With national elections under way in India, hundreds of millions of voters are casting ballots at nearly a million polling locations. For the world’s most populous democracy, it is a herculean feat of electoral administration. But beyond the heavy logistical lift, this election has the potential to shape the very future of the country’s pluralistic political system, according to noted India expert Ashutosh Varney.

Polls show Prime Minister Narendra Modi is likely to secure a second term in office and maintain his Hindu nationalist party’s hold on power, said Varshney, Sol Goldman Professor of Political Science and International and Public Affairs at Brown University and a resident fellow at the Ash Center for Democratic Governance and Innovation at Harvard Kennedy School. Just how successful they are could have massive implications for the nature of democracy in a country characterized by ethnic, linguistic, and religious diversity, said Varshney, who was speaking at a discussion on India’s elections at the Ash Center earlier this month.

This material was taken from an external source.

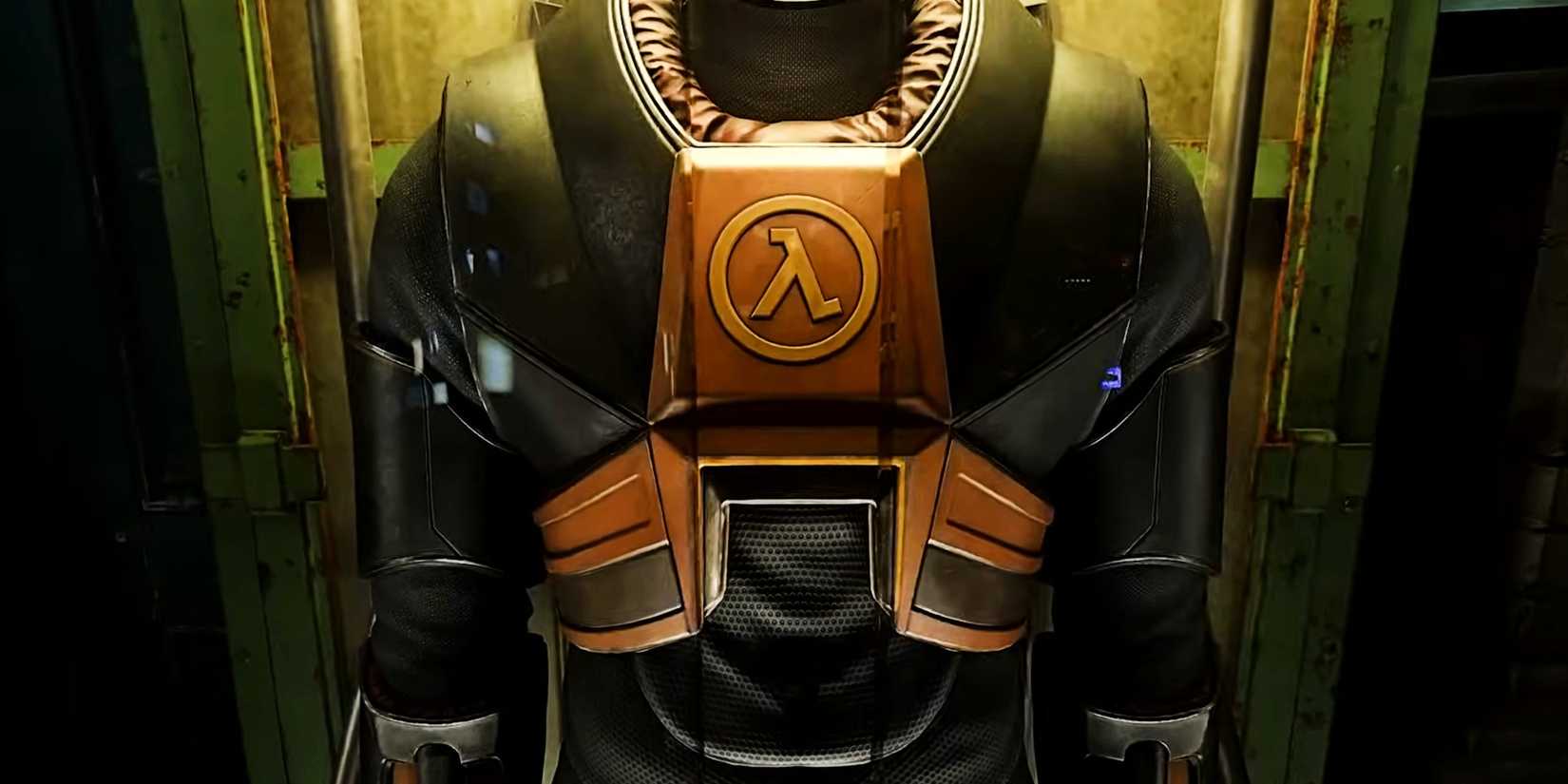 Half-Life Suit remastered to look a lot better lit up in a case.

Modi’s campaign has been propelled by a series of skirmishes in February between India and neighboring Pakistan following a suicide bombing attack against police forces in Indian-controlled Kashmir. Modi successfully used this series of artillery exchanges and retaliatory air strikes between Indian and Pakistani forces to play up his hardline national security credentials in the run-up to the elections. “Modi has campaigned vigorously on how decisive he is, and how, if Pakistan hits, he would hit back doubly strong,” said Varshney, who described Modi as the first right-wing populist to rule India. “It’s really the first time that this argument has emerged in electoral politics.”

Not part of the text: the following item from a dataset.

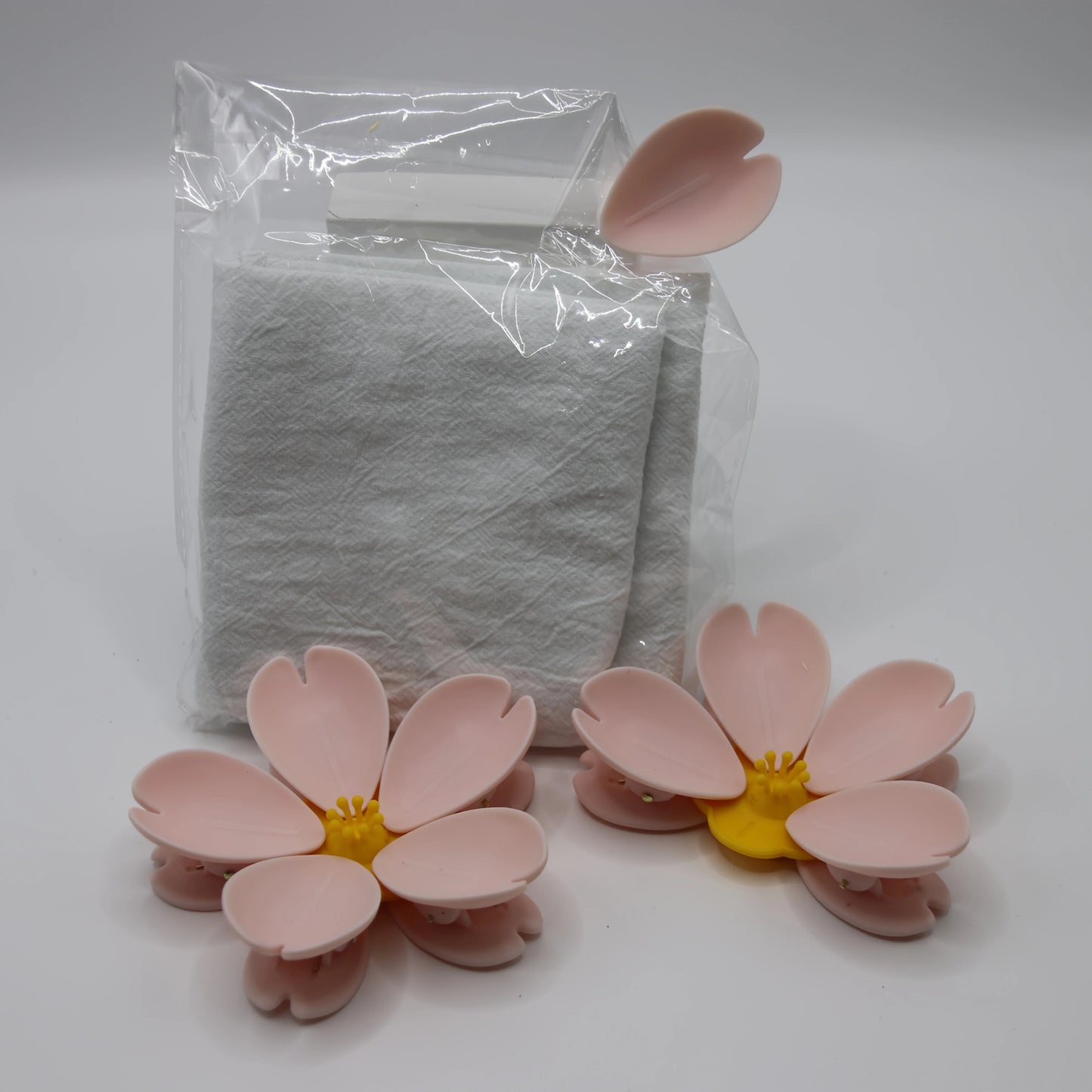 Cherry Blossom Magnetic Food Bag Sealing Clip | Fridge Magnet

Conducting accurate opinion polling in such a large and linguistically diverse country can be a challenge. Still, analysts expect Modi’s Bharatiya Janata Party (BJP) to fare well when the votes are tallied later in May. But Varshney thinks it is unlikely that the BJP, which won 282 seats in the country’s 543-seat parliament in 2014, will be able to repeat its capture of an absolute majority. “The BJP is likely going to gain enough support to form a government, probably in the framework of a coalition,” he said. But should the BJP gain an absolute majority in parliament, “it will head towards a Hindu nationalist version of the nation,” Varney said.

While the BJP campaigned on governance and corruption issues in the last elections, the party’s platform this time has been influenced more heavily by Hindu nationalism, or Hindutva. Varshney describes the concept as “a political doctrine, which makes the claim that the Hindus are the primary owners of the nation.” He terms it a sort of Hindu supremacism in which the non-Hindu minority of India accedes to the control or ownership of the state by the Hindu majority. “White nationalists in the United States would make a roughly analogous argument,” he added.

And even though an absolute majority would not give the BJP sufficient political power to formally amend India’s pluralistic constitution to further a Hindu nationalist vision of the country, Varshney concluded, “the sheer weight of another electoral majority will allow very big changes in the country even if the constitution will not formally change.”